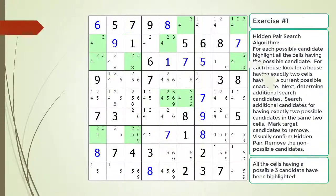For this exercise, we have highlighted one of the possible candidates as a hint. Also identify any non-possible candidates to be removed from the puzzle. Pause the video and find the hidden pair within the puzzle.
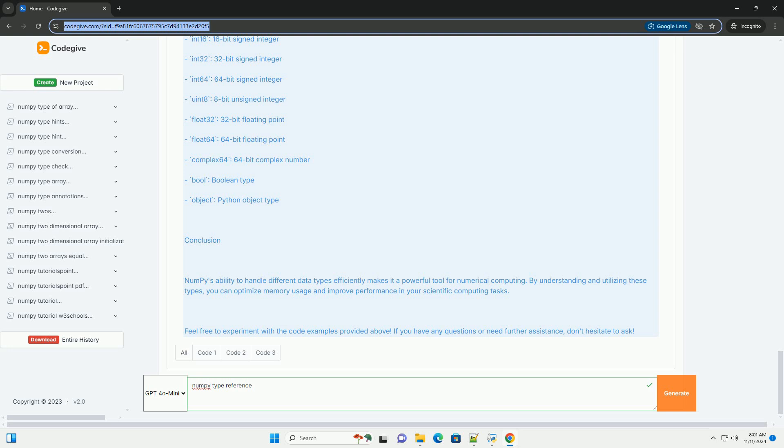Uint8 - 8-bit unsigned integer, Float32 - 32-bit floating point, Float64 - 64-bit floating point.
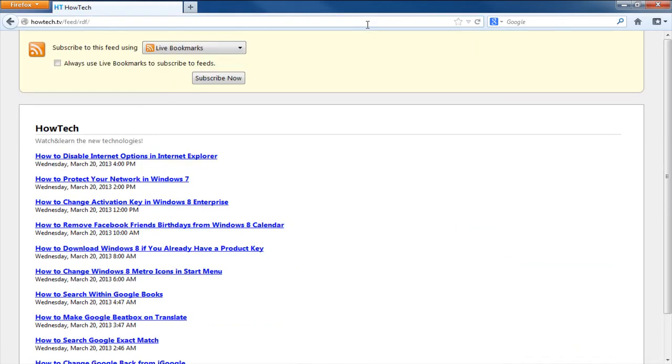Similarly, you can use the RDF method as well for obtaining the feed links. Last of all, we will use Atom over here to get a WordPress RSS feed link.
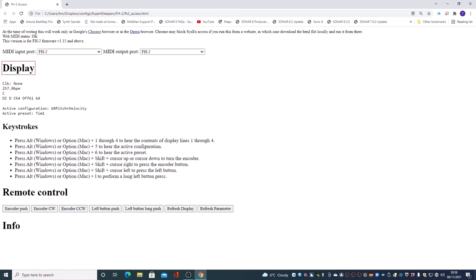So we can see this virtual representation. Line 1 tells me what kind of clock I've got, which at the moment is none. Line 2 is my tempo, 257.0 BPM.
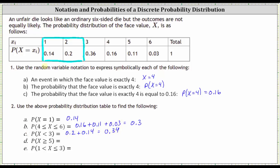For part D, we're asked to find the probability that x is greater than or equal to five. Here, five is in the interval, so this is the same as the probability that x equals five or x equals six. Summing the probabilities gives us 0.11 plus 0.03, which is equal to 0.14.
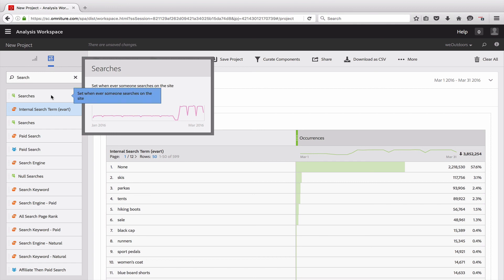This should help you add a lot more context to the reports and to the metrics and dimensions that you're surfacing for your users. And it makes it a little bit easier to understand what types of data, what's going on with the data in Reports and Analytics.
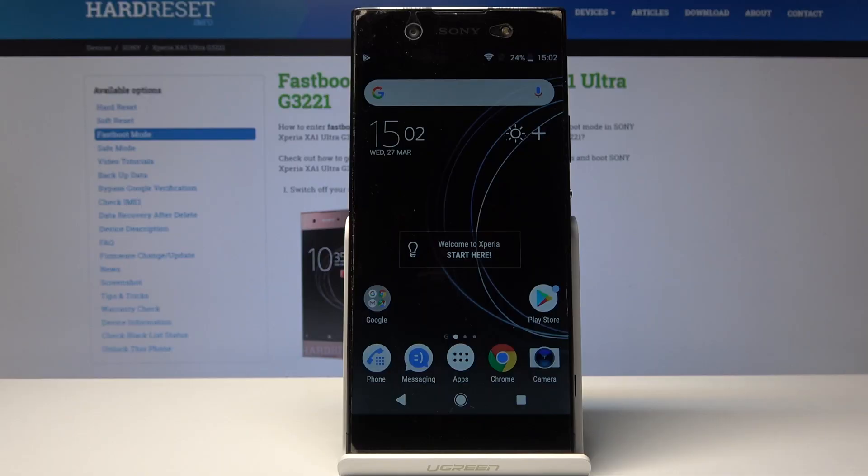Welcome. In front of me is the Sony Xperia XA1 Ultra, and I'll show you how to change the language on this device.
◇ ◇ ◇ ◇
- [What to work on] Only the lines from the one containing "For part D, we're" through the last line of the data may appear in the answer, each given again exactly and with pictures left out.

- [Answer to this task]
For part D, we're asked to find the probability that x is greater than or equal to five. Here, five is in the interval, so this is the same as the probability that x equals five or x equals six. Summing the probabilities gives us 0.11 plus 0.03, which is equal to 0.14.
This should help you add a lot more context to the reports and to the metrics and dimensions that you're surfacing for your users. And it makes it a little bit easier to understand what types of data, what's going on with the data in Reports and Analytics.
Welcome. In front of me is the Sony Xperia XA1 Ultra, and I'll show you how to change the language on this device.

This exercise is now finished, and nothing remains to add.